■ TASK STATEMENT
Return exactly the lines from the "Geleceğin mucitleri Şanlıurfa'da" line through the last line of the entries below. Include no pictures.

■ GIVEN DATA
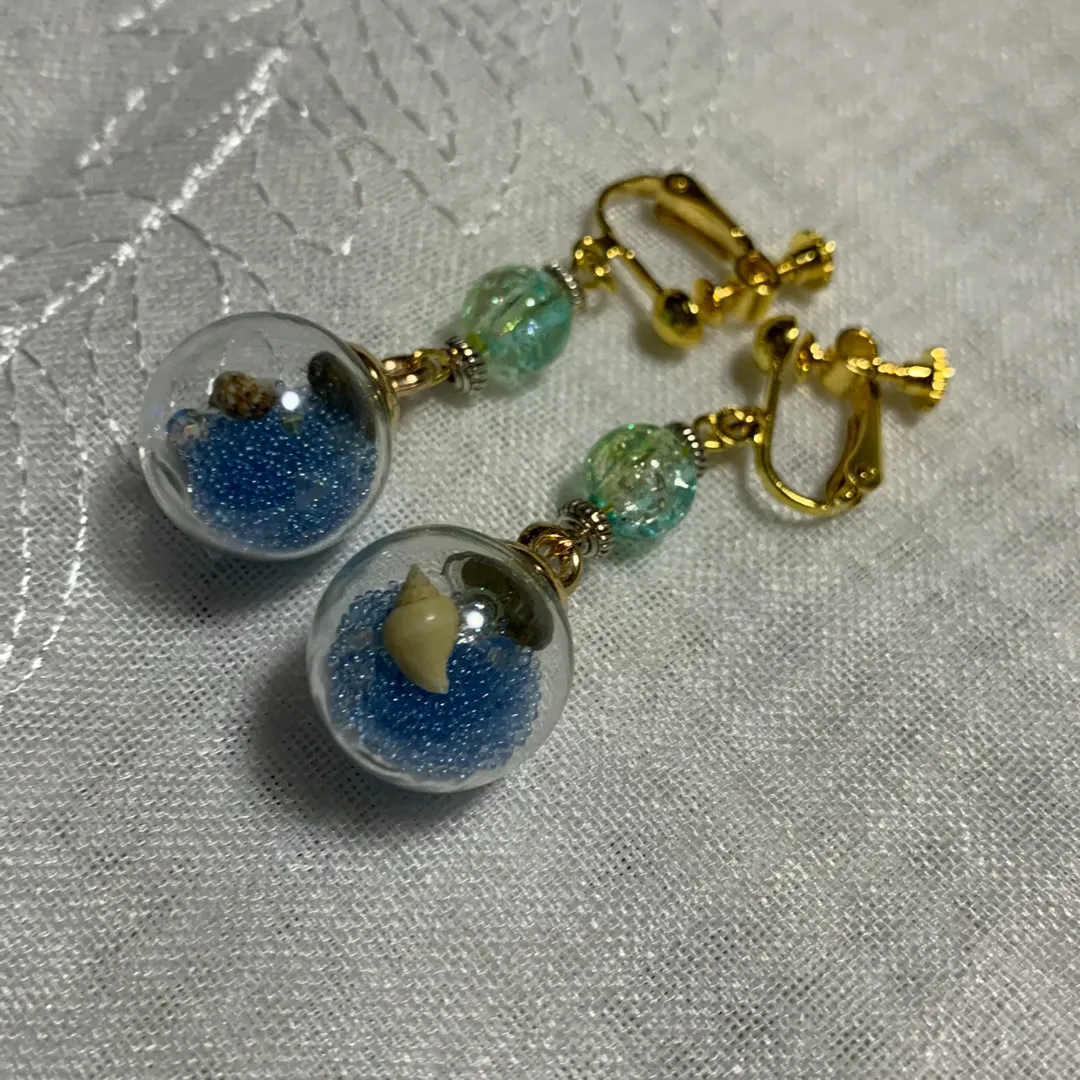 mai_12さんのパーツ
アクセサリー作品 | イヤリング金具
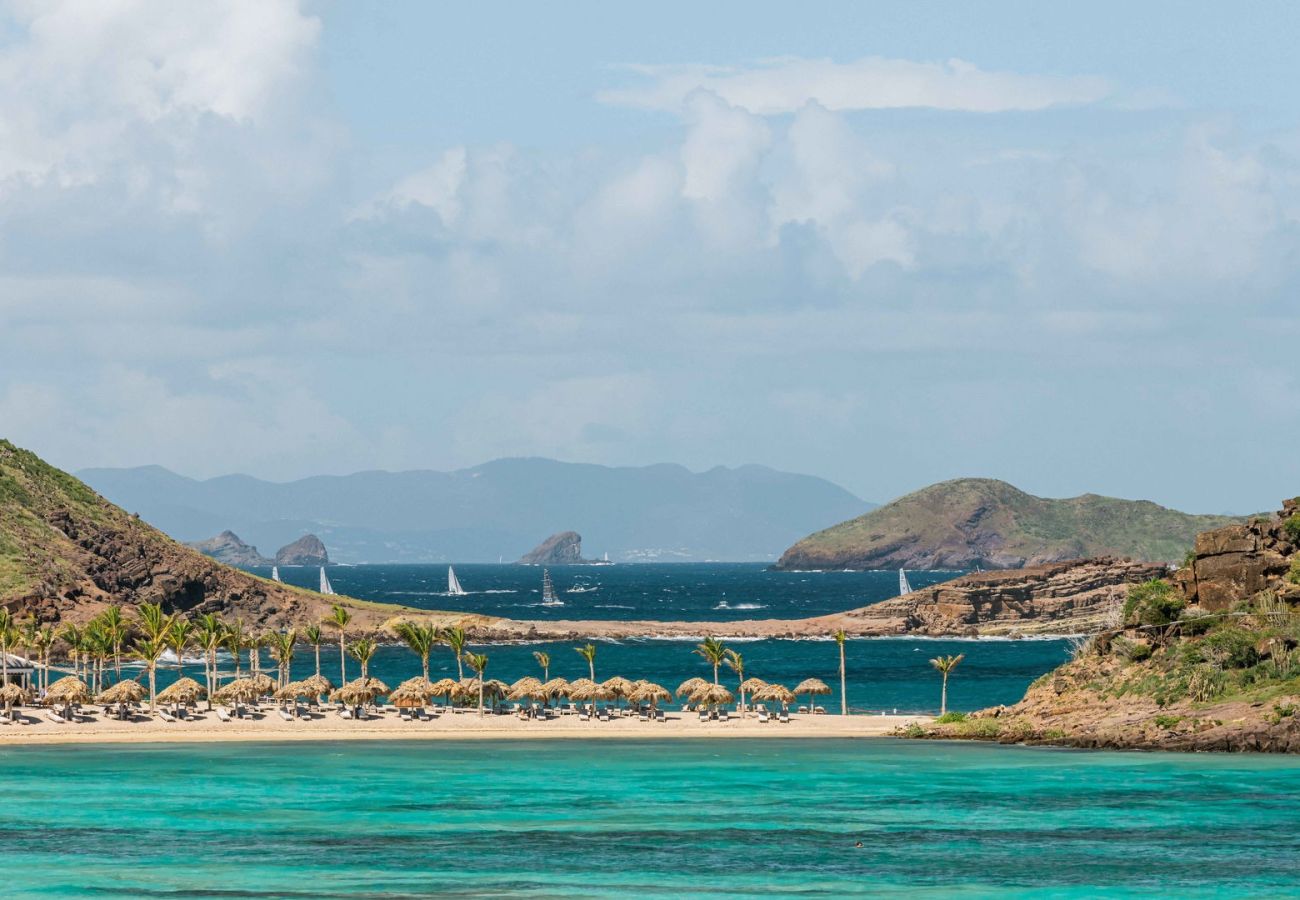 Villa à Saint Barthélemy - Villa Larimar St Barth 2-bd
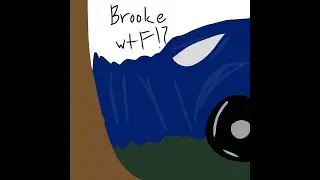 Brooke and Gale crash a car.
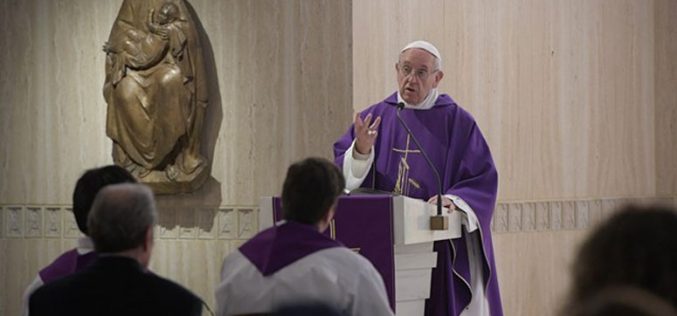 Папата: Исус суди според милосрдието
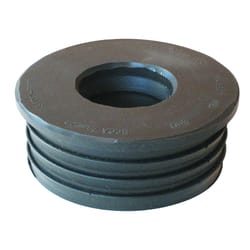 Fernco Schedule 40 3 in. Compression X 1-1/2 in. D Compression PVC Donut Fitting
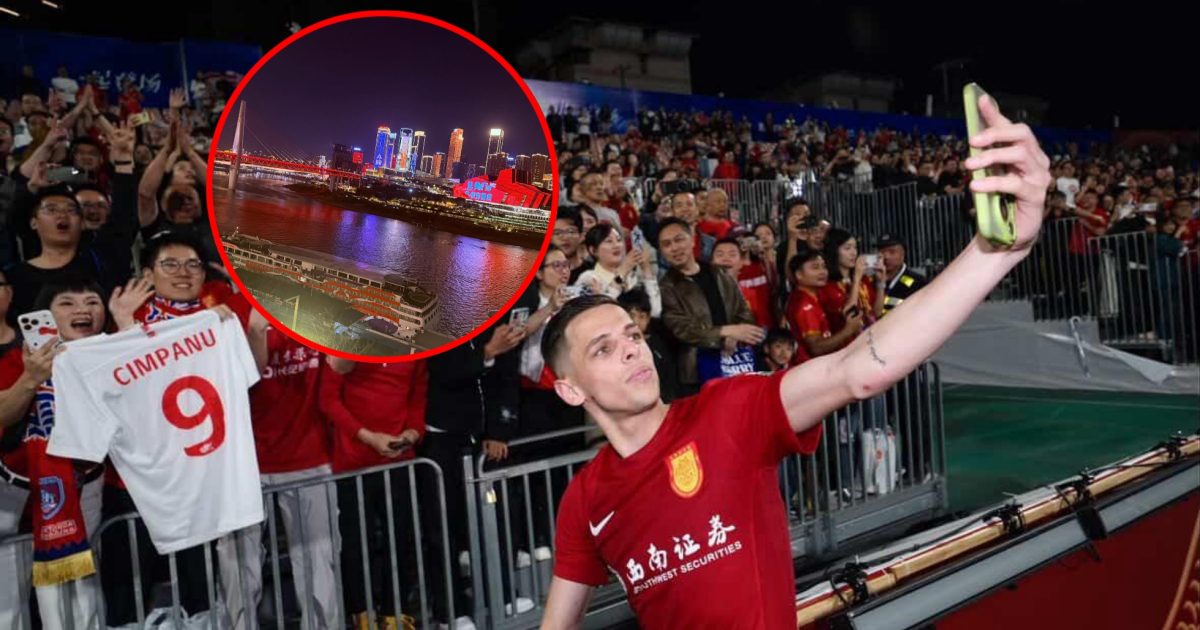 Cîmpanu, vedetă în China: „Trenul trece prin bloc la etajul 28”!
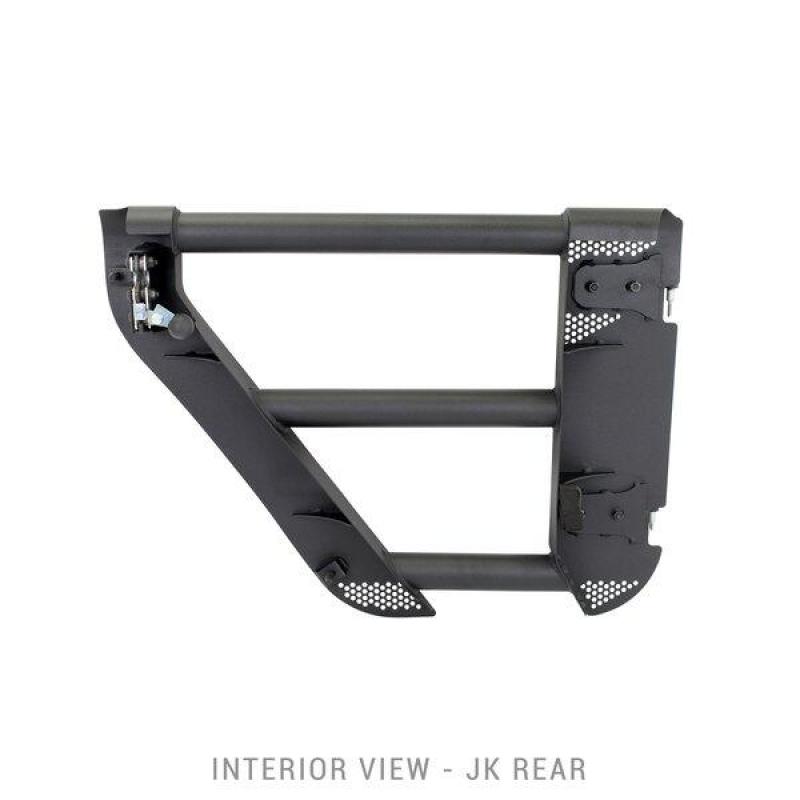 Go Rhino Jeep 07-18 Wrangler JK Trailline Replacement Rear Tube Door - Mammoth Racing -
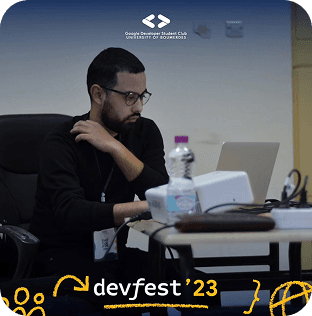 DevFest poster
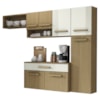 Cozinha Compacta Suspensa 07 Portas 01 Gaveta 2012115 Atacama Off White ARMoveis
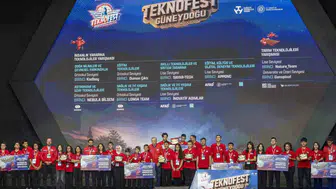 Geleceğin mucitleri Şanlıurfa'da sahne aldı: İnsanlık yararına projeler zirveye taşındı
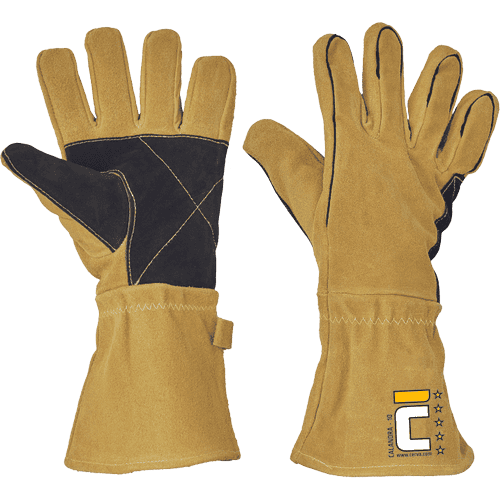 CALANDRA  gloves leather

■ EXERCISE SOLUTION
 Geleceğin mucitleri Şanlıurfa'da sahne aldı: İnsanlık yararına projeler zirveye taşındı
 CALANDRA  gloves leather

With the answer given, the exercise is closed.